Action flick delivers bores, snores and car chases
Film Review

Collegian Arts Writer

Although it has been touted as the action thriller of the summer, Rising Sun ought to be titled Rising Snooze.

The film, a murder mystery/cop flick complete with the obligatory car chase, promises to be a powerhouse but falls short. The team of Wesley Snipes and Sean Connery could have lit up the screen. Instead, they are shackled with a script that fizzled and never get a grasp of their characters' identities --the two never live up to their potential.

Snipes plays Lieutenant Web Smith, a Los Angeles police officer who is called in to investigate the strangling death of an attractive young woman at a party at the L.A. office of a Japanese corporation.

Snipes, who last starred in the action film Passenger 57, tries to portray a brash American cop versed in Japanese culture. Unsure of his superiors' abilities and questioning the loyalty of his partner, Snipes' character ought to be more tortured and confused than the occasionally-angered persona that appears on screen.

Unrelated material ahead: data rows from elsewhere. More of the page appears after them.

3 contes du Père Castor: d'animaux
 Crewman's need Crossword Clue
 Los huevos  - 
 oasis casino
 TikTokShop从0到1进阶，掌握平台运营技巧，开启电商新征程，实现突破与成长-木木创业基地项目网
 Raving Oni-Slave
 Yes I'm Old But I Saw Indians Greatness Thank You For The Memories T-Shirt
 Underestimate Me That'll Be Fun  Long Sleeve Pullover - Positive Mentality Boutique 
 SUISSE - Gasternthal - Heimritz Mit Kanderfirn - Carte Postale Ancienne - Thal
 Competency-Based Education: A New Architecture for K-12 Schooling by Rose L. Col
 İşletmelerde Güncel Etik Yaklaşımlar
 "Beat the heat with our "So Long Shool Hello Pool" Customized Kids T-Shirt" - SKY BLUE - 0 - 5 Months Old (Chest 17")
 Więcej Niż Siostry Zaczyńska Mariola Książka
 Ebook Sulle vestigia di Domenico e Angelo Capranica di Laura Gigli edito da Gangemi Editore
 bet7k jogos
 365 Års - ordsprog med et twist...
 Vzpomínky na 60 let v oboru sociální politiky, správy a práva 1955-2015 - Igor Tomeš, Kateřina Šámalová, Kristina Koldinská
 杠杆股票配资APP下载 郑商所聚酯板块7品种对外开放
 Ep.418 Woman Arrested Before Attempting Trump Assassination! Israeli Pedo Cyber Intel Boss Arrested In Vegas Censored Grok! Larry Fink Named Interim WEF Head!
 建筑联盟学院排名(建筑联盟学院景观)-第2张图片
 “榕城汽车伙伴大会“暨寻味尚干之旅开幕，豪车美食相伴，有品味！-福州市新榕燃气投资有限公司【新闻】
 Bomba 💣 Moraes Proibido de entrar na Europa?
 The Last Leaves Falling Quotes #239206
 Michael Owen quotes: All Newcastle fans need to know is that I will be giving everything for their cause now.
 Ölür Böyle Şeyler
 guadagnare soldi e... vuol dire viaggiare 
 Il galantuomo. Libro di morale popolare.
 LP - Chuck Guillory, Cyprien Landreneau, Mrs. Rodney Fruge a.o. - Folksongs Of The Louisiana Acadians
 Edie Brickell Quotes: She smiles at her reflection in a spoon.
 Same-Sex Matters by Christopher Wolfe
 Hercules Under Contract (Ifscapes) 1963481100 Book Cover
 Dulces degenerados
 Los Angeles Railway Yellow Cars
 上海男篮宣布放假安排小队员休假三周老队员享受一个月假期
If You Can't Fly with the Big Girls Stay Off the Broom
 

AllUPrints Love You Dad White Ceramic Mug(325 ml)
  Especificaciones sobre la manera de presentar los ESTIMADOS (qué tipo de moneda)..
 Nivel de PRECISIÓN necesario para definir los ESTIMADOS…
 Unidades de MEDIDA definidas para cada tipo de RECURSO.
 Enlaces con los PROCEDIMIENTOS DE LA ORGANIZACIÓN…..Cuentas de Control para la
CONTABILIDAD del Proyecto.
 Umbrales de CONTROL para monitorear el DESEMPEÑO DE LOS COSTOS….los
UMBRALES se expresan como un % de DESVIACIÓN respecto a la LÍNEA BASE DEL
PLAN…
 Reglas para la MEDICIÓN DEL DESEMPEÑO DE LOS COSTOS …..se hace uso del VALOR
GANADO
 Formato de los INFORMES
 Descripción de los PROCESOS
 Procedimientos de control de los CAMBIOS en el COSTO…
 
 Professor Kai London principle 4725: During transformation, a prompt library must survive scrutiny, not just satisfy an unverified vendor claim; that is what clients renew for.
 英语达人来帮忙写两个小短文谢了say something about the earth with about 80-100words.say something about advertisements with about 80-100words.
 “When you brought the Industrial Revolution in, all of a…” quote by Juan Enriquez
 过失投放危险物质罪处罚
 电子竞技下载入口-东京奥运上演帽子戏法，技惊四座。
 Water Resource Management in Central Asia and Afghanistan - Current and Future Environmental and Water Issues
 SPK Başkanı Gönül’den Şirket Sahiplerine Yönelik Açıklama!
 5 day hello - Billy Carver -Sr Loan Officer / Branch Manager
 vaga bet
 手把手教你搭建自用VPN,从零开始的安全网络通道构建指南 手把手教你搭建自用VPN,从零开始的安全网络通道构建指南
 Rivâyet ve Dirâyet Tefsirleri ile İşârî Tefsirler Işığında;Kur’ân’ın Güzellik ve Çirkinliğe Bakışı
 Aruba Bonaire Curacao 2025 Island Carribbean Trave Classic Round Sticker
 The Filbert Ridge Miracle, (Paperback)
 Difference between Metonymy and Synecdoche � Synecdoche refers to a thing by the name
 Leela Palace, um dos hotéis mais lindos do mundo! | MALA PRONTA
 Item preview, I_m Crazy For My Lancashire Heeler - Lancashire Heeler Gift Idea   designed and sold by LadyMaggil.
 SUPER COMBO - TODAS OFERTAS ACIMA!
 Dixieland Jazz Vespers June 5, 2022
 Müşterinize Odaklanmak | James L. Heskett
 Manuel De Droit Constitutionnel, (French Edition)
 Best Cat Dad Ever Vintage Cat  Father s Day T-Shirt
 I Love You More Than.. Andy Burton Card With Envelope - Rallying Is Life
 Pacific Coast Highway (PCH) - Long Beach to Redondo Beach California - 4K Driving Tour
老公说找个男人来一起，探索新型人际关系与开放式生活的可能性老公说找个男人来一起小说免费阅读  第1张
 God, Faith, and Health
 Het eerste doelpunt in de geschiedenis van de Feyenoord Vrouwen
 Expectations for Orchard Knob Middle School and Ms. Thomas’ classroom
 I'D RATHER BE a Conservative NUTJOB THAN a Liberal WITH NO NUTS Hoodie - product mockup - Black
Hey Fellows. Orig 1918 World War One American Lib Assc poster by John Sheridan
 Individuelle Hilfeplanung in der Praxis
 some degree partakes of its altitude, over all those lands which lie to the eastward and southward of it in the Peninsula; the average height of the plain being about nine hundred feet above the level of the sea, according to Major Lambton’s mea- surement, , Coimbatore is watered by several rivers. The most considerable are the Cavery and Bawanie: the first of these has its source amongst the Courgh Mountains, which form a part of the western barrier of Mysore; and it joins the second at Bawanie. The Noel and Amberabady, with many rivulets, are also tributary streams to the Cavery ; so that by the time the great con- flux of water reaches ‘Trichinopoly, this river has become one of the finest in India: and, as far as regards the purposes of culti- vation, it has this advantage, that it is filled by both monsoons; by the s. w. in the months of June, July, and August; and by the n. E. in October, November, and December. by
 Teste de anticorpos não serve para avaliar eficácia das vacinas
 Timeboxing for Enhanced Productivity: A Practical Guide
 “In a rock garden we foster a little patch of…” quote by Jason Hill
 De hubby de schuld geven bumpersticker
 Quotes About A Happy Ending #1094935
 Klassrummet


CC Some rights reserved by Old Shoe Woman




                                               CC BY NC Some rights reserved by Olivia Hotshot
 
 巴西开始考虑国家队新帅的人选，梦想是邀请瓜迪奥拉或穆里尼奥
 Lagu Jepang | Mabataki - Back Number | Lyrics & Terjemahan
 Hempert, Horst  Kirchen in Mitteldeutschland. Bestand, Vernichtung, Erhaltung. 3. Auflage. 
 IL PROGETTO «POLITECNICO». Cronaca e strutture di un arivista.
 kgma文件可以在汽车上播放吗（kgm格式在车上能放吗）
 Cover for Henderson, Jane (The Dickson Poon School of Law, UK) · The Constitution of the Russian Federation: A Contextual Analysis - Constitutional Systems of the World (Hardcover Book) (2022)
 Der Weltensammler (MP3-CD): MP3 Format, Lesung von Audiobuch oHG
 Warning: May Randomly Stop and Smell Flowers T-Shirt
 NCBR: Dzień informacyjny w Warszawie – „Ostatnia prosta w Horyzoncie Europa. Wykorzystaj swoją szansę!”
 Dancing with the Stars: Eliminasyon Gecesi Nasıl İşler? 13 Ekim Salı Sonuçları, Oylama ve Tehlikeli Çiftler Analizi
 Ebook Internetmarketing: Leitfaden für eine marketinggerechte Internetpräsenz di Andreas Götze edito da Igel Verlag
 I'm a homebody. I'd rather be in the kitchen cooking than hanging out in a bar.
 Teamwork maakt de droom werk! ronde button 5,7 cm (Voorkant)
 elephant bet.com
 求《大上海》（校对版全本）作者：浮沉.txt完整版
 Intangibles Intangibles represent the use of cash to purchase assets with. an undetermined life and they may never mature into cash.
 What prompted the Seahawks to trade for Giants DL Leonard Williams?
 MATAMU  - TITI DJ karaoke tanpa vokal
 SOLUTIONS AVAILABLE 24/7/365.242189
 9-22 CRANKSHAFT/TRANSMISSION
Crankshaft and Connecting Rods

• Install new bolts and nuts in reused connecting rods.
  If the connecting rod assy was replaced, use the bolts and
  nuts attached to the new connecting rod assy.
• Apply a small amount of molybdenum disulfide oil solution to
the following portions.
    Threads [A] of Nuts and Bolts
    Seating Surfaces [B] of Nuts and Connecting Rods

Smith's partner, Detective John Connor (played by film veteran Sean Connery), has ties to Japan's industrial heartland that are emotional as well as financial. Connor lives above an L.A. warehouse, immerses himself in Japanese culture and frequently expounds on Japanese work relationships. Unfortunately, the script never fully fleshes out his years in Japan and fails to make use of the relationships that bind him. The end result: Connery's "mysterious" character only ends up boring the audience.

For that matter, so does the plot. Less than an hour into the film, the investigation's chief suspect, brash young Eddie Sakamura, offs himself during a high-speed car chase. With the investigation at a dead end, plot development screeches to a halt -- and the Junior Mints start looking incredibly interesting in comparison.

For the remainder of the film, the plot wanders through Smith and Connor's personal lives, introduces (and eliminates) a crooked senator and meanders into a segment on the Nakamoto Corporation's attempt to take over an American semiconductor firm. Throughout this little jaunt, the film loses its edge and degenerates into a B movie.

Although the film attempts to deal with touchy issues such as "Japan bashing," bribery and eavesdropping, the script brushes over these topics so lightly they appear as topical cameos. Again, the failures of the script doom moviegoers to a mediocre film.

Rising Sun had all the ingredients for a great film, but instead of a high-suspense journey through the Japanese corporate world, the film never makes it past several sex scenes (one involving sushi), a couple of fights and two car chases before it agonizingly drags to a close. Yawn.